Terminal de regaseificação de GNL do Pecém (Foto: Divulgação Petrobras)
Terminal de regaseificação de GNL do Pecém (Foto: Divulgação Petrobras)

Venda do contrato de reserva de capacidade de Portocem, da Ceiba para New Fortress Energy, promete mexer com a dinâmica do mercado


Por André Ramalho - EPBR

PIPELINE New Fortress assume contrato de Portocém, em negócio que marca fim do projeto de um novo terminal de GNL no Ceará. Transação tem repercussões na dinâmica do mercado.

Equinor assina contrato para acessar infraestrutura da Petrobras. TAG e TBG assinam novos contratos com carregadores. SP muda regras do mercado livre e MG prepara revisão do marco regulatório para este ano. Enauta compra ativos de gás da Petrobras e mais. Confira:

QUE FIM LEVARÁ O TERMINAL DE PECÉM?

A venda do contrato de reserva de capacidade da Termelétrica Portocem (1,571 GW), da Ceiba Energy para a New Fortress Energy (NFE), promete mexer com as peças do tabuleiro do mercado brasileiro de gás, com implicações mais amplas do que uma simples mudança de dono do projeto termelétrico no Porto do Pecém, no Ceará.

O plano da NFE é transferir o contrato de Portocem para usinas conectadas aos novos terminais da companhia: Barcarena (PA) e TGS (SC).Você viu aqui: NFE prepara recomeço no mercado de GNL do Brasil

A transação marca, assim, o fim do projeto de construção da térmica no Ceará – e, de quebra, joga pá de cal no novo terminal de gás natural liquefeito (GNL) que seria construído no Pecém, associado à usina.

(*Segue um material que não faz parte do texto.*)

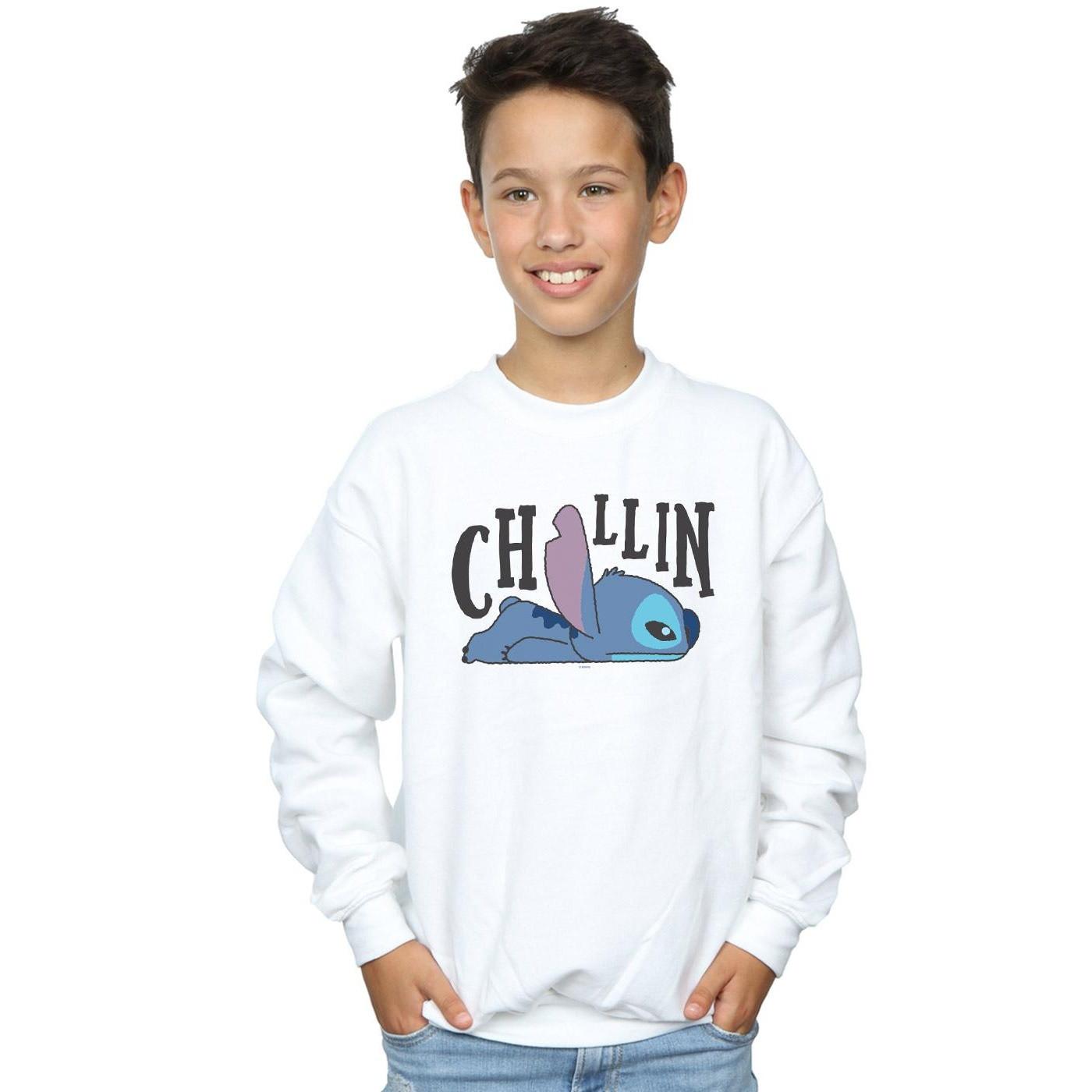 Disney  Lilo And Stitch Chillin Sweatshirt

Inaugurada em 2008, a planta de regaseificação da Petrobras no Pecém – a primeira do tipo no país – foi descontinuada no fim de 2023. Havia a expectativa de que o projeto da Portocem reativasse a capacidade de importação de GNL do porto, mas os planos perderam sentido com a venda do contrato da usina para a New Fortress.

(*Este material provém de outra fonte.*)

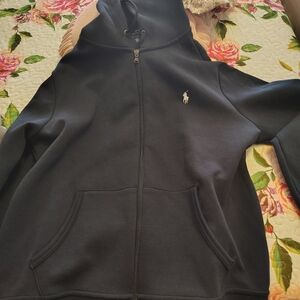 Blue Polo Zip Up Jacket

Um eventual novo terminal de GNL no Pecém passa a depender, agora, de um novo cliente âncora e o seu futuro é incerto. O que isso representa?

A seguir, a gas week se debruça sobre as possíveis consequências do fim de Portocem para a dinâmica do mercado de gás, em especial do Nordeste.

CEARÁ CONVIVE COM RESTRIÇÕES

A decisão da Petrobras de desativar o regás do Pecém ocorre após anos de subutilização do ativo – que operou com uma capacidade ociosa de mais de 90% nos últimos quatro anos.

A Petrobras chegou a desativar a operação no Ceará antes da crise hídrica de 2021, mas, para garantir a segurança do sistema, se viu obrigada a adiar os planos de descontinuar o ativo. Mesmo assim, o terminal passou a maior parte daquele ano sem importar gás.

Apesar da baixa utilização do terminal, sem ele e sem novos investimentos em gasodutos, o Ceará esbarra, hoje, em algumas restrições físicas na malha que dificultam a expansão do consumo na região. Por isso a Portocem se comprometeu a construir um novo ponto de importação em Pecém.

Sem a planta de regás, já não haveria gás, hoje, sequer para usinas existentes. O problema, contudo, é mitigado pelo fato de que a Termofortaleza (327 MW), da Eneva, está descontratada; e porque a Termoceará (220 MW), da Petrobras, pode operar alternativamente com diesel.

Antes mesmo dos novos desdobramentos, o Plano Indicativo de Gasodutos de Transporte (PIG) 2022, a última versão publicada pela Empresa de Pesquisa Energética (EPE), já sinalizava a necessidade de investimentos na malha do Nordeste, para abastecer Ceará e projetos de expansão do sistema.

SEM INVESTIMENTO, GÁS NACIONAL NÃO CHEGA AO CEARÁ

O estudo da EPE destaca que o Nordeste deve viver, até o fim desta década, um aumento da oferta de gás nacional - oriundo tanto do projeto Sergipe Águas Profundas, adiado pela Petrobras de 2027 para 2029, quanto da recuperação da produção onshore, processada na UPGN de Guamaré (RN).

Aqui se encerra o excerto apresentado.